Well, okay. Frankly, that can still work. Tomb Raider, in which Polygonal Big-Boobies (or whatever she's called) runs around solving puzzles while engaging in arcade-style action, is essentially the same formula as Flashback, just in three dimensions. And so now my faux Charlton Heston has had to briefly swim, for no reason whatsoever, and climb up on rafters to get past locked doors. Okay, fine.

And then, it looks like, somewhere near the end of the development cycle, the marketing people came to the development people with a copy of Metal Gear Solid and said, "This is what's huge. You've got to make it like this."
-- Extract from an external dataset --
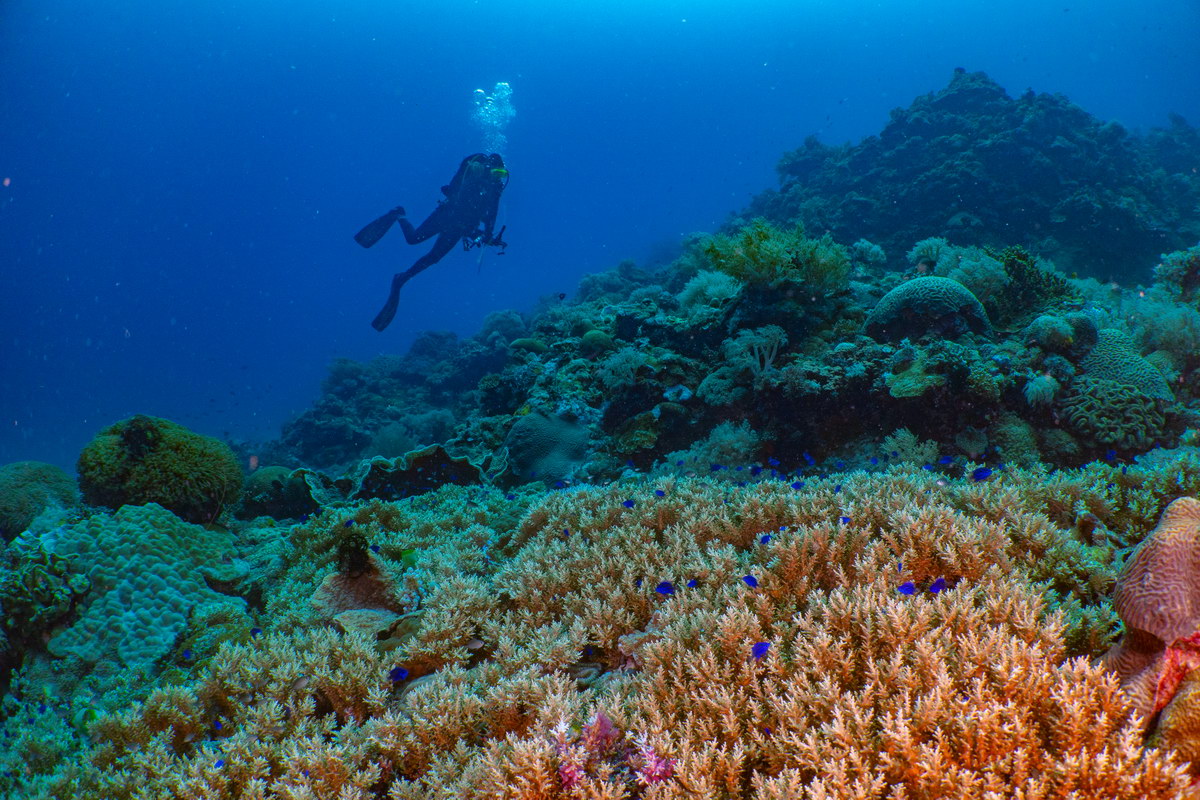 Tauchen in Siquijor Tauchen in Siquijor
So now faux-Charlton, when he's not swimming or running and jumping into rafters, is sneaking by half-dozing gorilla guards and clumsily looking about in first person while listening for footsteps. (Yeah, just like in the original movie, he added snarkily....) And that could make for a pretty kick-ass Planet of the Apes game...if it had originally been designed that way, with designers who knew how to get the most out of such a design. But the appeals of Flashback, Tomb Raider and MGS are all very similar in complete different planes of execution: they're all impressive eye-candy games of their time, with a sense of adventure and accomplishment coming as much from what you can make your character do, as what comes next in the story. But Flashback is a 2D side-scroller, Tomb Raider is a 3D game, and MGS is an insanely complex mish-mash of the two. And all three were paradigm-breakers, which upped the sense of adventure in the player's interaction with the character's skills. Planet of the Apes has none of the discovery, nor does it give the gamer the satisfaction of seeing the established paradigm pushed, pinched or folded into something new. Plus, by trying to do all those things, it now does none of them well: the combat system is horrible, where you can sneak up on an enemy and not be able to land a single punch thanks to abominable collision detection: it's now just an ugly, awkward, ungainly puzzle-solver where you slink around like a scared old lady because you don't know what annoyance is hiding around the corner. Sad to say, without meaning to, Visiware have made Planet of the Apes a very French game: it's annoying.

And yet, because it's French, it's annoying in the classic Planet of the Apes way, not the new annoying Planet of the Apes way. Which is why, if you'll excuse me, I'm going to go and yell at the TV set some more. I'm going to have my character stumble, slink, swim and annoy his way into the Forbidden Zone if it kills me.